[MATERIALS PROVIDED — start]

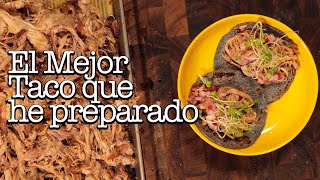 El MEJOR TACO que he preparado (Pork belly ahumado) | Munchies Lab by Munchies Lab 118,050 views 2 years ago 8 minutes, 59 seconds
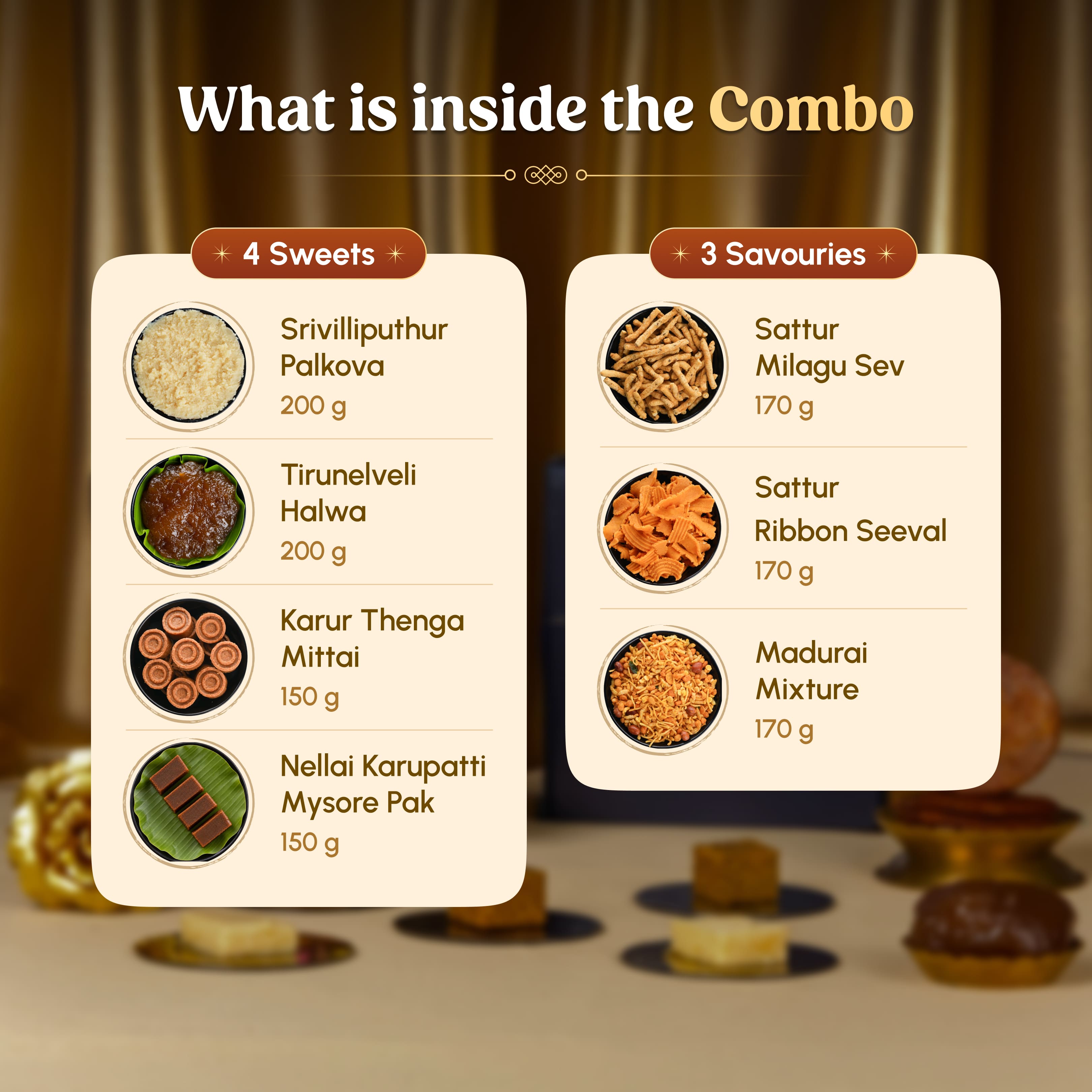 South Indian Treats – Festive Gift Box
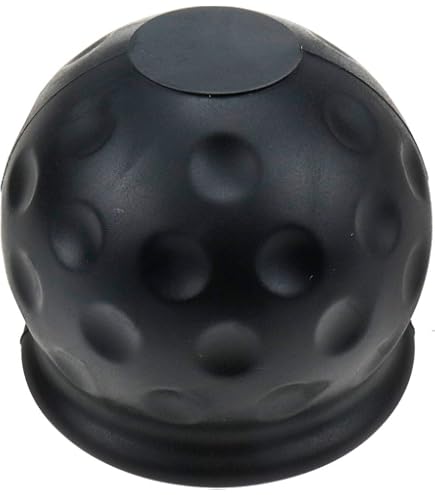 Rubber Hitch Ball Cover Fastway 2-5/16 Hitch Ball Cover With Tether - Keep Grease Off Clothes Rubber Hitch Ball Cover Fastway 2-5/16 Hitch Ball Cover With Tether - Keep Grease Off Clothes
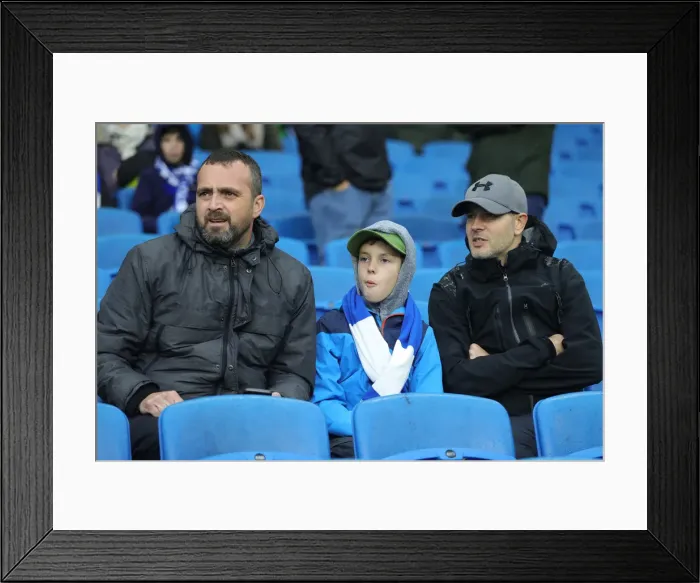 Framed Print : Brighton and Hove Albion vs. Norwich City: Premier League Showdown at American Express Community Stadium (November 2, 2019)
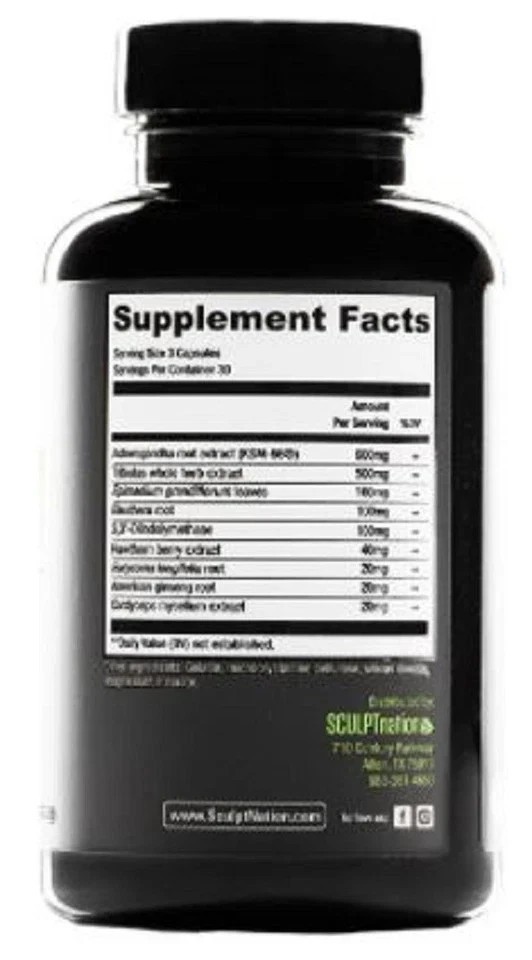 TEST BOOST Max Sculptnation Build Muscle Men Fat Weight Loss & New – Sealed-NEW-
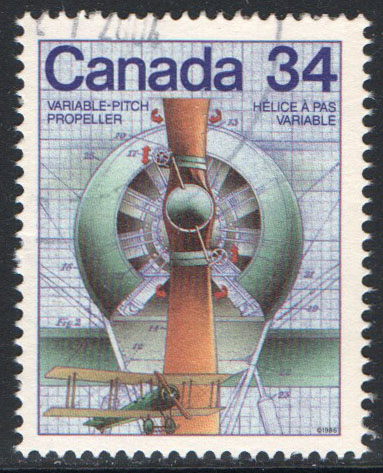 Canada Scott 1102 Used - Click Image to Close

[MATERIALS PROVIDED — finish]

Write out the lines beginning at the line with "South Indian Treats – Festive Gift Box" and ending at the last line of the entries. Include no pictures.

 South Indian Treats – Festive Gift Box
 Rubber Hitch Ball Cover Fastway 2-5/16 Hitch Ball Cover With Tether - Keep Grease Off Clothes Rubber Hitch Ball Cover Fastway 2-5/16 Hitch Ball Cover With Tether - Keep Grease Off Clothes
 Framed Print : Brighton and Hove Albion vs. Norwich City: Premier League Showdown at American Express Community Stadium (November 2, 2019)
 TEST BOOST Max Sculptnation Build Muscle Men Fat Weight Loss & New – Sealed-NEW-
 Canada Scott 1102 Used - Click Image to Close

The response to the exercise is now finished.